A senior detective is to face a disciplinary hearing for breaking the rules over how he questioned a suspect even though his tactics led to the discovery of the bodies of two missing women.
In a report published earlier this week, the police watchdog, the Independent Police Complaints Commission, described Detective Superintendent Steve Fulcher's interview of taxi driver Chris Halliwell as “catastrophic” and argued that he should face a charge of gross misconduct.
Wiltshire police said on Thursday that Fulcher would be required to face a formal conduct hearing.
Fulcher was investigating the disappearance of 22-year-old Swindon woman Sian O'Callaghan in 2011 when he ordered his prime suspect, Halliwell, to be taken to a hilltop, where he spoke to him without warning him of his rights or giving him the chance to speak to a solicitor.
Halliwell led Fulcher to the spot where he had dumped O'Callaghan's body – and to a field where he said he had buried a second woman, Becky Godden-Edwards, some years previously.
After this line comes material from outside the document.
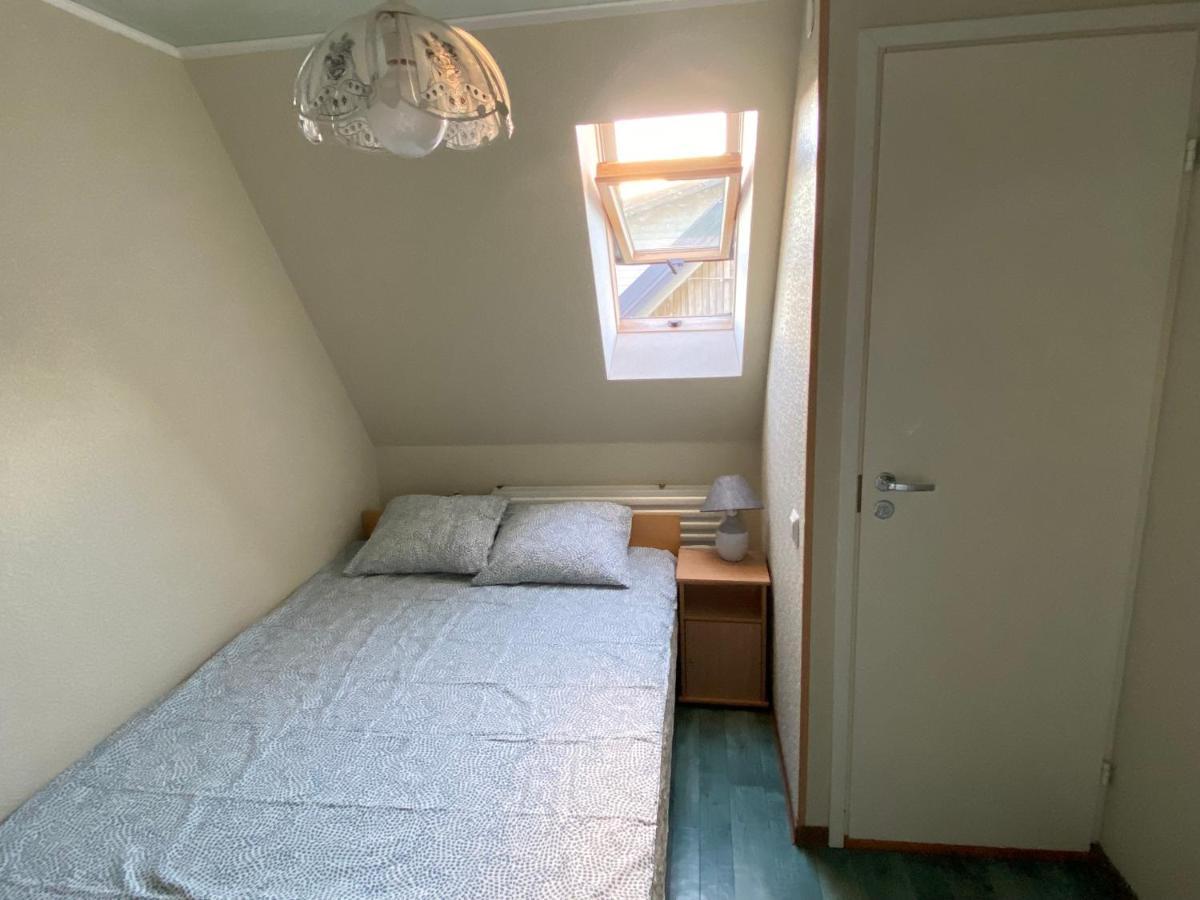 Remerani Majutus Appartamento Pärnu Esterno foto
The taxi driver was jailed for O'Callaghan's murder but did not face trial over Godden-Edwards' death because a judge ruled that the hilltop interview was unlawful and there was no other evidence linking Halliwell to her.
Earlier this week the IPCC heavily criticised Fulcher for ignoring the rules surrounding how suspects should be treated and also for meetings with the media that it said were inappropriate.
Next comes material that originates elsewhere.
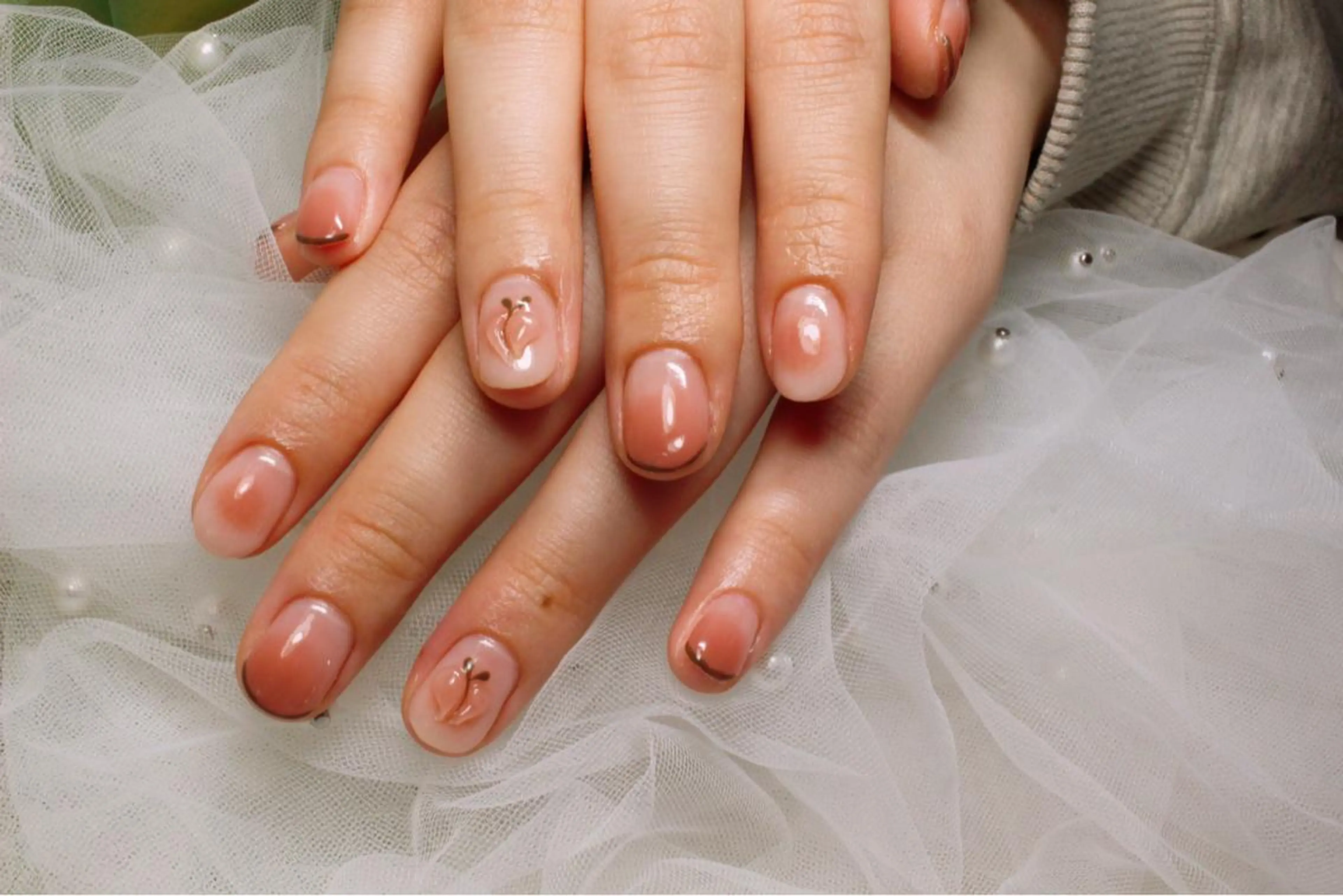 ネイル ネイルサロン mama nailのネイルデザイン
A Wiltshire police spokeswoman said: “We have reviewed the IPCC's report and its recommendations. As a result, Wiltshire police has taken the decision that Detective Superintendent Steve Fulcher will be required to attend a formal conduct hearing.
“This is a complex and emotive matter that involves a number of parties. We believe that it is important that this should be dealt with through the right process, fairly, independently and in an open and transparent manner.
“We are currently in the process of arranging the conduct hearing with an independent panel of senior officers from other forces so that due process can continue. Wiltshire Police are continuing to offer welfare support to D/Supt Fulcher throughout this ongoing process.”
Godden-Edwards' mother, Karen Edwards, has backed Fulcher, describing him as her “hero” for finding out what had happened to her daughter. The woman's father, John Godden, complained about Fulcher's actions.